Chris Martin and company are not the only stars to take advantage of this new way of reaching fans. Some of the greatest musicians, playwrights, sport stars and stage actors have found their audiences widened to just about anyone in the world, as unique live recordings of everything from football games to the latest opera have become popular to patrons.
The music industry is already familiar with using cinemas to help their acts reach an audience far beyond the borders of the concert venue. Led Zeppelin, U2, Bon Jovi and Pink Floyd’s David Gilmour have all recently broadcast their concerts to cinemas across the world, and the trend shows no sign of abating. In addition to the forthcoming Coldplay showing, The Rolling Stones recently broadcast a 1978 concert in Texas and plans are afoot for dates from their forthcoming 50th anniversary tour to be shown at cinemas worldwide.
But it’s not all rock ’n’ roll. Perhaps the most logical art form to be shown at cinemas has come from the stage, with screenings of theatre and opera performances becoming more commonplace. A few months ago, the smash hit musical The Merchants of Bollywood played to large audiences at cinemas across the region.
The trend has become so popular that many renowned production companies have made their productions available in this format. The largest success story internationally has come from the National Theatre in the UK – Danny Boyle’s celebrated London production of Frankenstein, starring Benedict Cumberbatch and Jonny Lee Miller. Screenings across Europe have consistently sold out and prompted companies such as the Royal Shakespeare Company to follow suit.
The Met in New York recently held a “cine-cast” of Wagner’s Ring Cycle to venues in the Middle East to great fanfare. Next year, the Italian musical T’ammore will be broadcast live from Umbria to local cinemas, along with the Italian dance troupe Gaelforce Dance as part of the Cine Arts Live season, while The Met has a whole series of productions (including Shakespeare’s The Tempest) currently touring screens around the world.
All of these new cinematic experiences offer something unique to the public by bringing the best of the arts from around the world to their doorstep, in both an affordable and familiar setting.

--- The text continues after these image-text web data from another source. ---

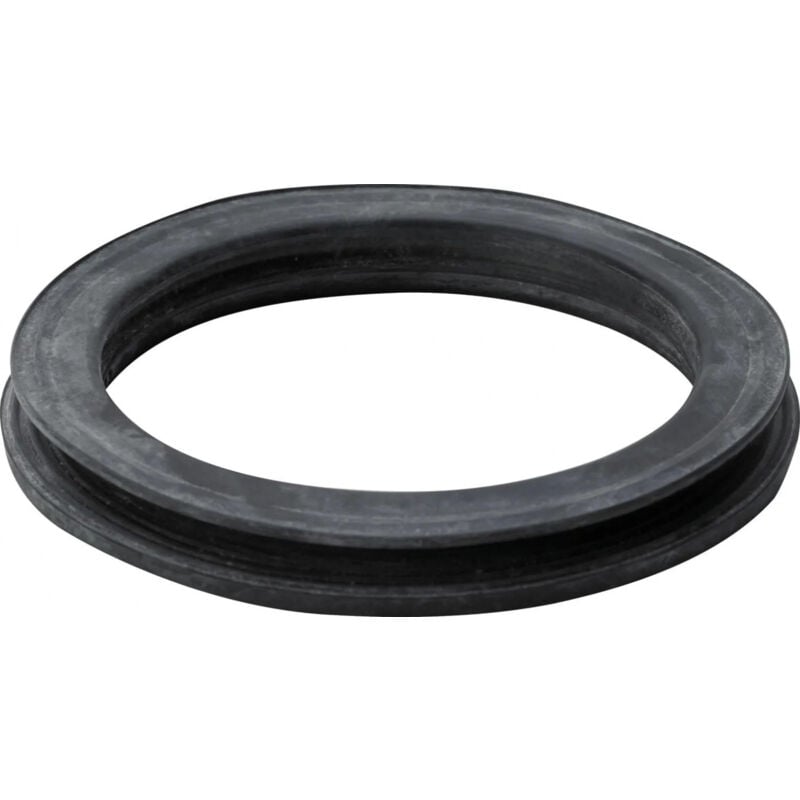 foto del prodotto guarnizione doccia tempoplex, diametro 116 mm, altezza 15 mm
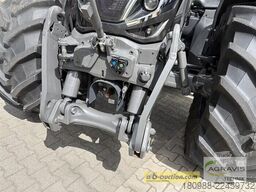 Valtra Q 285 1A9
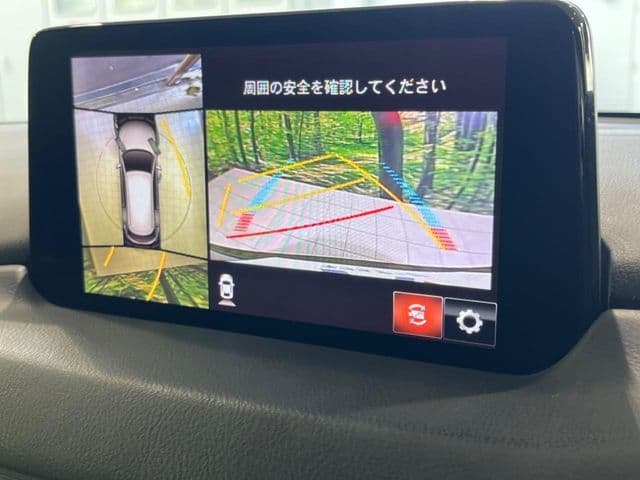 Car thumbnail 4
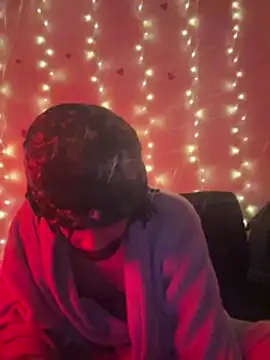 magic_man1085 লাইভ XXX চ্যাট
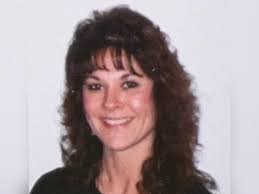 Ms. Kerry Dale Pettit's Obituary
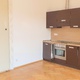 For sale flat, Řeznická, Praha 1 Nové Město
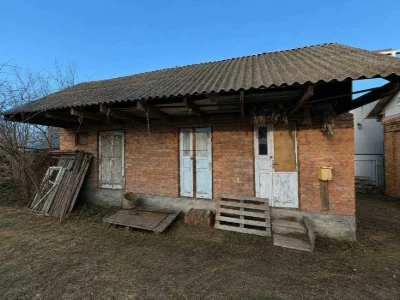 Продаж будинку в Хмельницькому за топ ціною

Outside of the arts, sport has found an unlikely home on the big screen in the past few years, with many major tournaments being screened for fans. Football, rugby and cricket cups, European football championships and of course this year’s Olympics have all been screened to spectators eager to catch the big match excitement without travelling across the globe for the privilege. With most European countries flocking to crowded bars to watch televised sport, Abu Dhabi, in particular, has led the way in embracing big-screen sport and providing a family-friendly atmosphere, making must-see events even more special.
In an age when there are more competitors for our attention than ever before, it appears that the variety of experiences available – be they musical, sporting, theatrical or plain old cinematic – mean your local cinema is still at the forefront of the entertainment industry and will be far into the future. In addition to bringing audiences to new art forms, theatre, sport and music fans can also be drawn back to a cinema experience they may have not considered before. A truly win-win situation.